[Stored items]
*** Begin section ***

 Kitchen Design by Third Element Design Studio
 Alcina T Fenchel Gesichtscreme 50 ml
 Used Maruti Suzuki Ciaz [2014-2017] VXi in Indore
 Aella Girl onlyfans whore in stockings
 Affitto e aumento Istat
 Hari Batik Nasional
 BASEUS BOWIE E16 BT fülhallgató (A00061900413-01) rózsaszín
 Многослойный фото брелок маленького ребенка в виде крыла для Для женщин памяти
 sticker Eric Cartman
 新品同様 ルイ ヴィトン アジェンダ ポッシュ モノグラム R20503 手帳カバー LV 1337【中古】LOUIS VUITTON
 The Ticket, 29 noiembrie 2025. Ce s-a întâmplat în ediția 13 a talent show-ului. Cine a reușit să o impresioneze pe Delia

*** End section ***
*** Begin section ***

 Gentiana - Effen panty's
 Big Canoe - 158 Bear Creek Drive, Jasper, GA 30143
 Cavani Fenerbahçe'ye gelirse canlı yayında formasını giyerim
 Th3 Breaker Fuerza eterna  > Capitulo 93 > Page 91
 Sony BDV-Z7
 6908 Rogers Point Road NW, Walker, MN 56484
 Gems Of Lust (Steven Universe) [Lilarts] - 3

*** End section ***
*** Begin section ***

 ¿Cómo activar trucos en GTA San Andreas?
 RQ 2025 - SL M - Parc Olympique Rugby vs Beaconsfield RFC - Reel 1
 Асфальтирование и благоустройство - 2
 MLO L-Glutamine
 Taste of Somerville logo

*** End section ***

__EXERCISE DIRECTIONS__.
Starting at the line that has "Th3 Breaker Fuerza" in the records above, restate word for word every line until the one that has "Gems Of Lust (Steven Universe) [Lilarts] - 3", and include that one as well.

__OUTPUT__.
 Th3 Breaker Fuerza eterna  > Capitulo 93 > Page 91
 Sony BDV-Z7
 6908 Rogers Point Road NW, Walker, MN 56484
 Gems Of Lust (Steven Universe) [Lilarts] - 3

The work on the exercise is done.